Manifold
Manifold is a framework designed to streamline the process of generating and managing data infrastructures in Google BigQuery using Terraform. By leveraging Manifold, teams can efficiently create complex views that join dimensional data with multiple metrics tables, enabling more dynamic data interactions and fewer sandcastles.
Philosophy
At the heart of Manifold, our philosophy is to simplify the complexity inherent in managing large-scale data architectures. We aim to provide a tool that not only facilitates the easy setup of data structures but also adheres to best practices in scalability, maintainability, and performance. Manifold is built for data engineers, by data engineers, ensuring that the nuances and common challenges in data management are well-addressed.
Features
- Unified Data Modeling: Manifold introduces a standardized way to model dimensions and metrics, ensuring consistency and reliability in data reporting and analysis.
- Scalability: Designed to handle large volumes of data, supporting a variety of data types and structures.
- Flexibility: Easily adapt to different kinds of metric groupings such as by device type (e.g., desktop, tablet, mobile) with identical metric structures beneath these segmentations.
Getting Started
Prerequisites
- Ruby
- Terraform
- Google Cloud SDK (gcloud)
Installation
-
Install the Manifold Gem:
manifold
is distributed as a Ruby gem.
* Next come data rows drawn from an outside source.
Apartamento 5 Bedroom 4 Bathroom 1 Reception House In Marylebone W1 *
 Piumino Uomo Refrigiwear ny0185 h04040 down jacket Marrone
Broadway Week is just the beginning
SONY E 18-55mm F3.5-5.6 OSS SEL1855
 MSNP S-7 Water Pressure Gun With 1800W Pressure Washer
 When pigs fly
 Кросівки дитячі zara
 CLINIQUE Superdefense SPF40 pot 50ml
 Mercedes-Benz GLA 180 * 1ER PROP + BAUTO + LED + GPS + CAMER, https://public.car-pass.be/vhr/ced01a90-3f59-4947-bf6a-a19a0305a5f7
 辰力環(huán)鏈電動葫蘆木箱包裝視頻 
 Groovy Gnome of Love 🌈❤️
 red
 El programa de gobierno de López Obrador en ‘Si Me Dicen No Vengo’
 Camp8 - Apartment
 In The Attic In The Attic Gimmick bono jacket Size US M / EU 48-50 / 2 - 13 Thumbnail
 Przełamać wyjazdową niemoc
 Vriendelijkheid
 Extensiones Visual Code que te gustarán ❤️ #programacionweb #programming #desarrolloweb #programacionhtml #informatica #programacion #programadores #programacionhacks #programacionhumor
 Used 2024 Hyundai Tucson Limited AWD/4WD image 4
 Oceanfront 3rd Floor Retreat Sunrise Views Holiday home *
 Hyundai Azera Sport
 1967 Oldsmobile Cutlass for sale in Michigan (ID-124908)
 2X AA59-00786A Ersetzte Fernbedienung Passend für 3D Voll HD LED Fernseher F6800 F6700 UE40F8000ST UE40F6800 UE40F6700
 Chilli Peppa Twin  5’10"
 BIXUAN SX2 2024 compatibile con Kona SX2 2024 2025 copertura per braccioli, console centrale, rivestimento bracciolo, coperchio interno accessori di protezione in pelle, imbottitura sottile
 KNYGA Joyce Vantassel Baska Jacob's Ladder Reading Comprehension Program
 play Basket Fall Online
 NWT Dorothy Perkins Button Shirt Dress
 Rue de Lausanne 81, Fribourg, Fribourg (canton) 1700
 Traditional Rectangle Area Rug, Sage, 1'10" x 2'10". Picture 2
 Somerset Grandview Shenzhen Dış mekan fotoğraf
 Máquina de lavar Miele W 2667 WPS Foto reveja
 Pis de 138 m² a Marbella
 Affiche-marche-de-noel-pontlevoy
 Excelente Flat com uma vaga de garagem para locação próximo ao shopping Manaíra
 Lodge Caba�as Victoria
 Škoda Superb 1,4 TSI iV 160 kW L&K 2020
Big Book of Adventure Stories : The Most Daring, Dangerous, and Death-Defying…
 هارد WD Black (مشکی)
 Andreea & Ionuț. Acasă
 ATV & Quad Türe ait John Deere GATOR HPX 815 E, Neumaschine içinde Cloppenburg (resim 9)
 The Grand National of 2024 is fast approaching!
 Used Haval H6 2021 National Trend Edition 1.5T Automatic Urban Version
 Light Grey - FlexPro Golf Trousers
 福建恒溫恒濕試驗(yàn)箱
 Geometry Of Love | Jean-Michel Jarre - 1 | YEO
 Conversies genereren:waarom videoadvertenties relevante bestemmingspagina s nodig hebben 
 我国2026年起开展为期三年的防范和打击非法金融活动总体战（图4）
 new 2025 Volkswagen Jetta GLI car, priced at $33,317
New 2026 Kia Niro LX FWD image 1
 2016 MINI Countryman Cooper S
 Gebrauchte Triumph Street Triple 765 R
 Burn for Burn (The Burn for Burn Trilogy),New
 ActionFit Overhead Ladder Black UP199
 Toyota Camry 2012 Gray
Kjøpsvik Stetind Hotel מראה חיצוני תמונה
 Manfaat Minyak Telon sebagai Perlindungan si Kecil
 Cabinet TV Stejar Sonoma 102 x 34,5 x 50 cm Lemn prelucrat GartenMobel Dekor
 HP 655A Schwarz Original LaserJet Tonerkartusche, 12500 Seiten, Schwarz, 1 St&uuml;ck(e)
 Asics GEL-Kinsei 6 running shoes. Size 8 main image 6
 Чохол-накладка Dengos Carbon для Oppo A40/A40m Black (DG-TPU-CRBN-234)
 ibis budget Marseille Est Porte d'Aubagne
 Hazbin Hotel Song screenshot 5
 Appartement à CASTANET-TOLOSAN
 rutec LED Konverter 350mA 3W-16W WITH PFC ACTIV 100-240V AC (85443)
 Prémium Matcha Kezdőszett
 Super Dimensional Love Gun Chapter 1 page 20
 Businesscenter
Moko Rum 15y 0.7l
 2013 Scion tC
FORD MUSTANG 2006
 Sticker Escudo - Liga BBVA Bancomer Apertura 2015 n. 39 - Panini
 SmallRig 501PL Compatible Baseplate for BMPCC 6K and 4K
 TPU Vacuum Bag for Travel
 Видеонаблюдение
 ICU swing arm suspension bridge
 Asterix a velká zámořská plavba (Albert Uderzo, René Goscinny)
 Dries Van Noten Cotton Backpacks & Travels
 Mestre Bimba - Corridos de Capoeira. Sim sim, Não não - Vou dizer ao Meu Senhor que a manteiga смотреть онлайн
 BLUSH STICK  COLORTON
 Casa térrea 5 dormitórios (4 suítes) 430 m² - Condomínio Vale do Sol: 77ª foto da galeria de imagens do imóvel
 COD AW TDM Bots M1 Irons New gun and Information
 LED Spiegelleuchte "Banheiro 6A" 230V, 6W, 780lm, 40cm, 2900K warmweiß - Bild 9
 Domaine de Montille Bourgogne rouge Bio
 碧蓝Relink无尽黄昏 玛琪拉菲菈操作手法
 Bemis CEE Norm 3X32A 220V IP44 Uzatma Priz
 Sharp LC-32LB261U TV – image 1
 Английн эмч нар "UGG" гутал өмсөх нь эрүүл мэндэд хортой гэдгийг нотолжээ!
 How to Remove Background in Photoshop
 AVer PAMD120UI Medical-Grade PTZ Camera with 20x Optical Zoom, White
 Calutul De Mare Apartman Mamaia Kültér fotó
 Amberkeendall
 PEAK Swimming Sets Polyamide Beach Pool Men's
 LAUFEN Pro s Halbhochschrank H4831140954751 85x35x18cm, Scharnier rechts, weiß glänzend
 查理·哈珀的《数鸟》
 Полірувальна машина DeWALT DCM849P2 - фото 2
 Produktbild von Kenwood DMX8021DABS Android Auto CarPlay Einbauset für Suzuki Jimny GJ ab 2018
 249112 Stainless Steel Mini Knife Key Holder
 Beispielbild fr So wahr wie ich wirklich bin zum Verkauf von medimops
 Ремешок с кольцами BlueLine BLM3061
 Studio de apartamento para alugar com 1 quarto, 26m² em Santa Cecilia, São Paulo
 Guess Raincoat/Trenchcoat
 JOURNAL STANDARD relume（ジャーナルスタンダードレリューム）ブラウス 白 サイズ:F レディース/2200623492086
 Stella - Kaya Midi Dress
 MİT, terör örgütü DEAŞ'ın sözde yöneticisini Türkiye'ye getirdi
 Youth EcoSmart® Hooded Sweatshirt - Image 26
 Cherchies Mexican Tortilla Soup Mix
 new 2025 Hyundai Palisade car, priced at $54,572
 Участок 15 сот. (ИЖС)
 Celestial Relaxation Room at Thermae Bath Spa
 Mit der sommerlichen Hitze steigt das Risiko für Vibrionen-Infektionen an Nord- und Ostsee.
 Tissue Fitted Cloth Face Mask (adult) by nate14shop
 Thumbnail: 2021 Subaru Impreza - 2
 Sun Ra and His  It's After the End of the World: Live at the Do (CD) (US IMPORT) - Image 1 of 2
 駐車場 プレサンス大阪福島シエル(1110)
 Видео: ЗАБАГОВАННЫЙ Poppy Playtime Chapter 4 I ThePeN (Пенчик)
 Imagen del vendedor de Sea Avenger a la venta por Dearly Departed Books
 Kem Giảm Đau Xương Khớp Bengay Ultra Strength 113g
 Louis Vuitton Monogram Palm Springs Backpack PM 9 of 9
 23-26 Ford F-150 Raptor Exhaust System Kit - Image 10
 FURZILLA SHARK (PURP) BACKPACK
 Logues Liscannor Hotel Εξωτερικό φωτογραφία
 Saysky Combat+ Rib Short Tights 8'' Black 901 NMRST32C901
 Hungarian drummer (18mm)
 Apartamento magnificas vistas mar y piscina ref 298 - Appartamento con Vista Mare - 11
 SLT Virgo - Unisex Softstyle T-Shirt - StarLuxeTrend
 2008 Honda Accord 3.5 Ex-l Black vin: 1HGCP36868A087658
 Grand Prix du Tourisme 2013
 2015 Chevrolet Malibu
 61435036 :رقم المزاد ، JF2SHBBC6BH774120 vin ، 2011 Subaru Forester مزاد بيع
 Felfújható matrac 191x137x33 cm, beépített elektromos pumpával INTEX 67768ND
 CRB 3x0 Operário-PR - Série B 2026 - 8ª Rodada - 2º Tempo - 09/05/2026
To install it, run:
gem install manifold
-
Setup Terraform: Ensure that Terraform is installed and configured to interact with your Google Cloud Platform account.
-
Configure Your Environment: Set up your environment variables and credentials to access Google BigQuery and other necessary services.
Usage
- Initialize a New Umbrella Project
Set up a new umbrella project directory with the necessary structure for managing multiple data projects.
manifold init <project_name>
- Add a New Data Project
Add a new data project under the umbrella. This setup includes creating a directory for the data project and initializing with a template manifold.yml
file.
cd <project_name>
manifold add <data_project_name>
- Generate BigQuery Resource Definitions
After you fill out the manifold.yml file, this command generates the necessary BigQuery schema files based on the specified dimensions and metrics.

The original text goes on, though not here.